I'd become another kind of creature, and for all I knew my child was some new and necessary subsistence. The smell of his head could comprise my new universe. My food was the way he blinked his eyes; my breath was when his elbows straightened. What we had was not yet even a relationship. I could see that he was a person outside me, but I was unable to experience for him those things we experience for other people: sympathy, concern, interest. He was a satellite creature of myself. His return gaze closed our systems. He folded easily into my new hollow. What was the meaning of giving him away? Who thought now was a good time to do that?

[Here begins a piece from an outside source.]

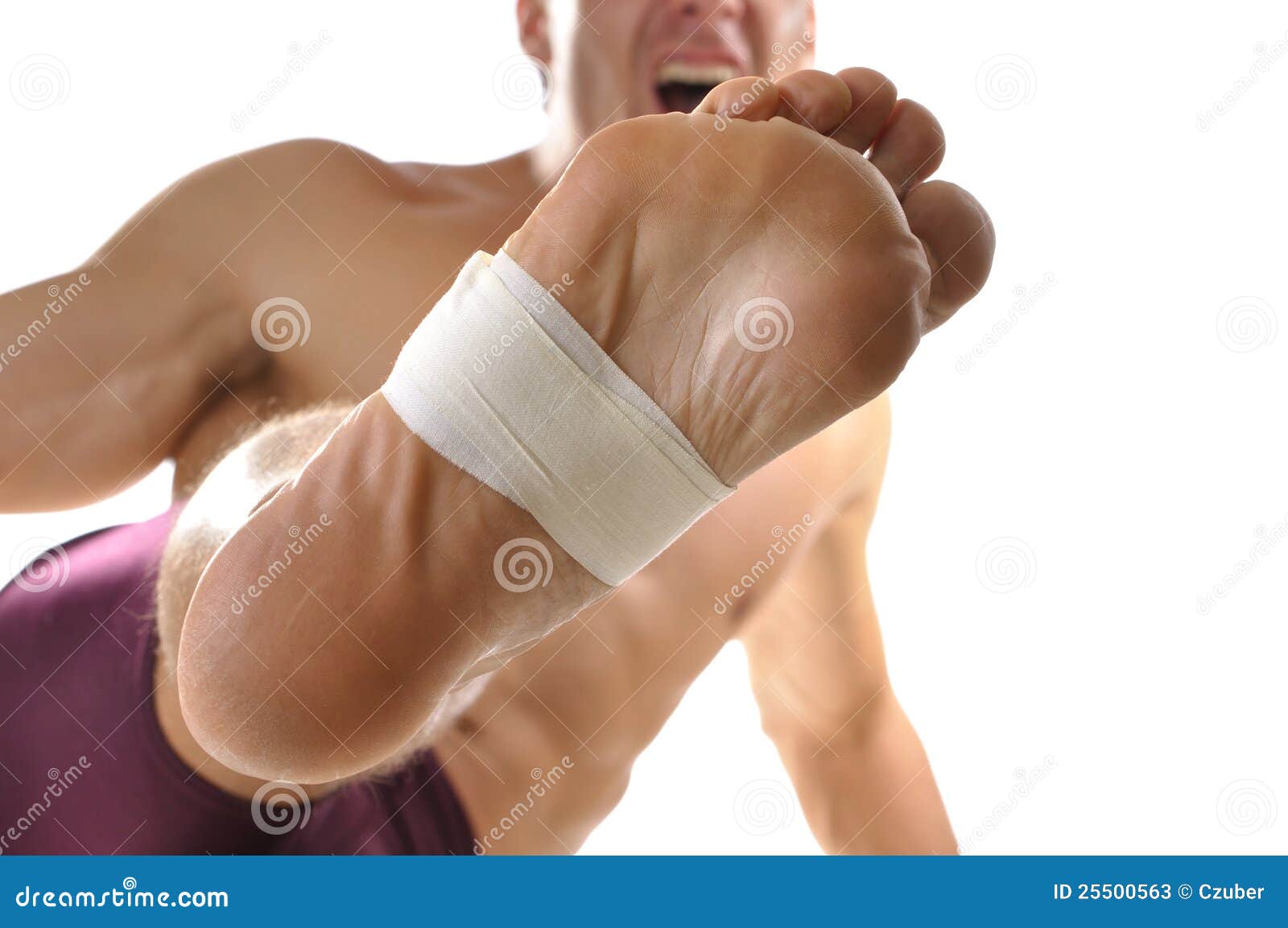 Barefoot kick stock image. Image of karate, sole, male 25500563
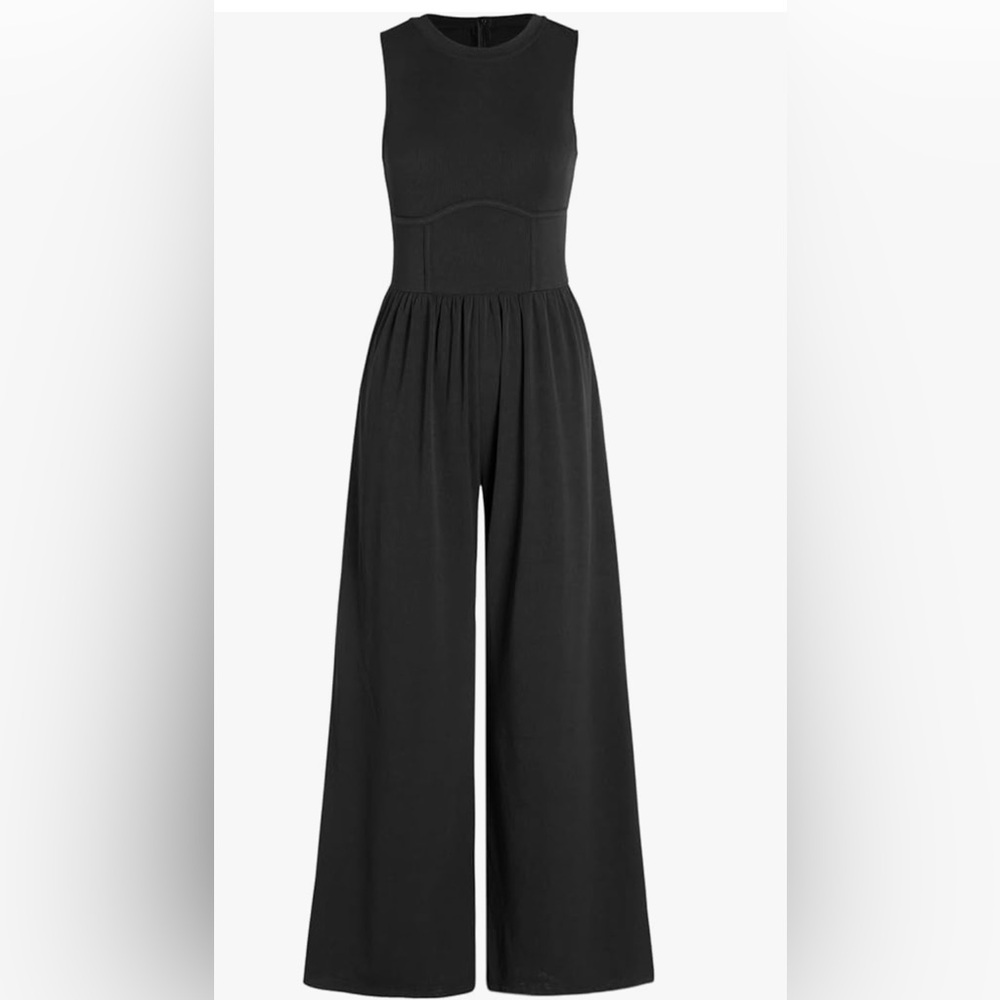 Cider Black Sleeveless Wide-Leg Jumpsuit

There was something I still needed to know. I couldn't possibly know what. Giving him away wasn't possible, it wasn't possible, it wasn't possible. But I couldn't tell anyone this, that I was rethinking the whole plan. I would make enemies of everyone who had supported me; my entire scaffolding would be ripped away. I just wanted seventy-two hours, that was all.

*   *   *

We had to leave the hospital, but we couldn't take him home because if we did, Molly and our workbook had warned us, it was unlikely we'd go through with an adoption. Instead, one of my friends arranged for us to stay overnight in the hotel where she worked. Jevn glanced angrily at me as he helped me pack our things, including a car seat lent to us by a crisis pregnancy center. He rolled me in the wheelchair, my son in my arms, to the discharge area. Someone admired Jonathan in passing and asked, inexplicably, if Jevn and I were siblings. We both smiled, confused. But I tried at that moment to imagine what it was we were, having had a baby we were going to give up. Our relationship cut short by the thing that is supposed to be binding. I could just see the light of actual day, through the vestibule and the automatic exit doors, admitting measured breaths of warm air into the refrigerated hospital lobby. It was sunset. I would become a real mother, and I would know what we were, when that light fell on us in the real world.